Were Steven Spielberg to replace the San Fernando setting of E.T. with a rural Finnish house doused heavily in Cath Kidston-inspired pastels, while reimagining his homesick alien as the manifestation of a 12-year-old girl’s repressed vengeful impulses, it might look something like new film Hatching. It’s the debut feature from director Hanna Bergholm: an equal parts familiar and bizarre coming-of-age tale about a young girl who nurtures a mysterious egg with suitably gruesome consequences.
Despite being light on genuine frights, the film, penned by screenwriter Ilja Rautsi, deals in some weighty ideas about womanhood. Startling newcomer Siiri Solalinna stars in what gradually becomes a striking dual role, playing the timid gymnast who hatches something monstrous in her bedroom when she finds an egg in the woods one night. Of course, the doppelganger narrative is nothing novel in horror, but here it is given a nifty contemporary twist as Tinja (Solalinna) navigates family life with a spiteful younger brother (Oiva Ollila), a passive father (Jani Volanen) and an overbearing mother (Sophia Heikkila on wonderfully wicked form) consumed by her relentlessly upbeat vlog series entitled Lovely Everyday Life.
That the gooey-feathered monster – birthed tellingly from Tinja’s tears – eventually comes to resemble her gives Hatching its shrewd double meaning. The arrival of the creature, nicknamed ‘Alli’ after a creepy children’s tune, comes to not only represent the horrifying physical manifestation of the fury Tinja increasingly struggles to supress, but also serves as a neatly observed satire of the artifice and faux perfection of the social media age.

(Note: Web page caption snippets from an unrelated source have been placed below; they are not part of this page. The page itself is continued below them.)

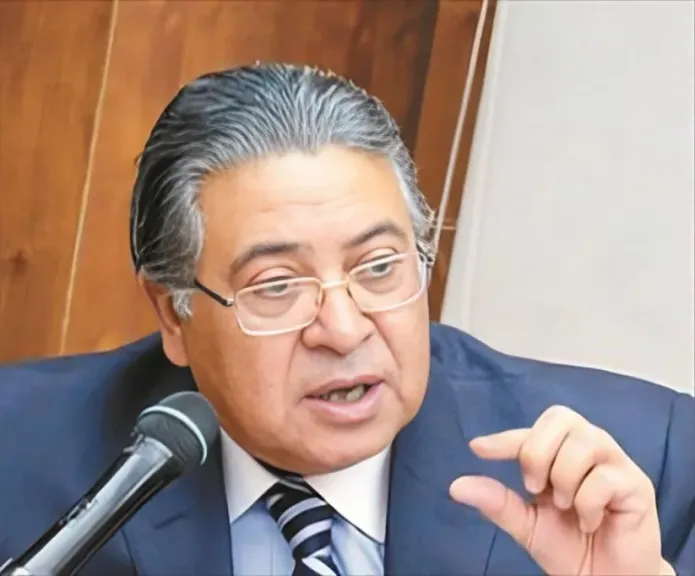 الدكتور نادر الببلاوي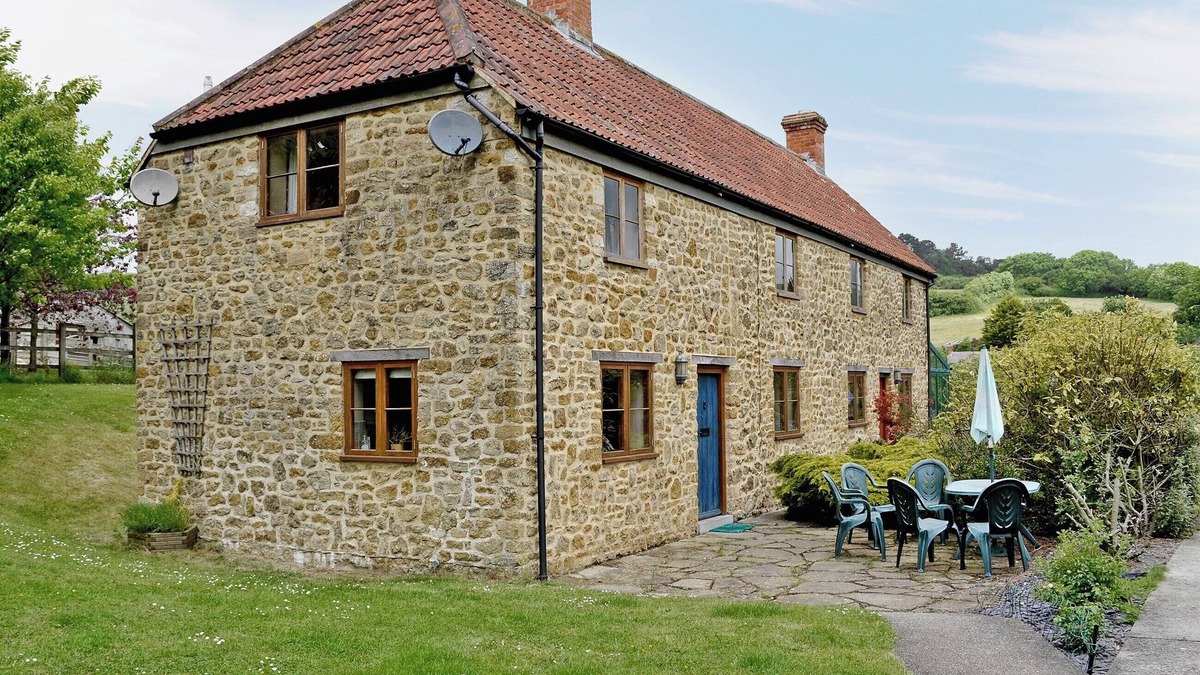 Stoke Abbott House | Blackberie Cottage - E2389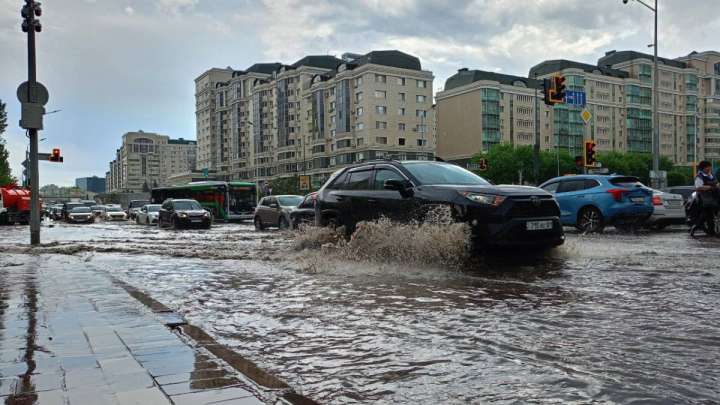Нөсер жауын: Астанада көліктер әдеттегідей «жүзіп» жүр (ФОТО)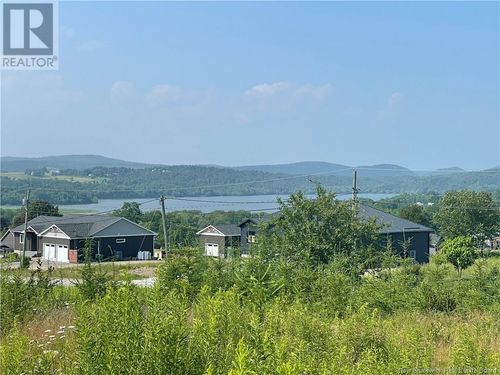22 Rhonda St, Nauwigewauk, NB, E5N0N3 | Card Image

With meditations on conformity, parenting and puberty thrown into the mix, to mine such rich thematic depths across an economic runtime means many of Hatching’s ideas as a film feel disappointingly underdeveloped. Crucially, though, Bergholm and Rautsi give their central characters just enough complexity to render the lines between victim and villain suitably blurred. That, coupled with the fine animatronics work of Gustav Hoegen and SFX makeup brilliance of Conor O’Sullivan, makes for a satisfyingly dark, contemporary fairytale that has plenty on its mind.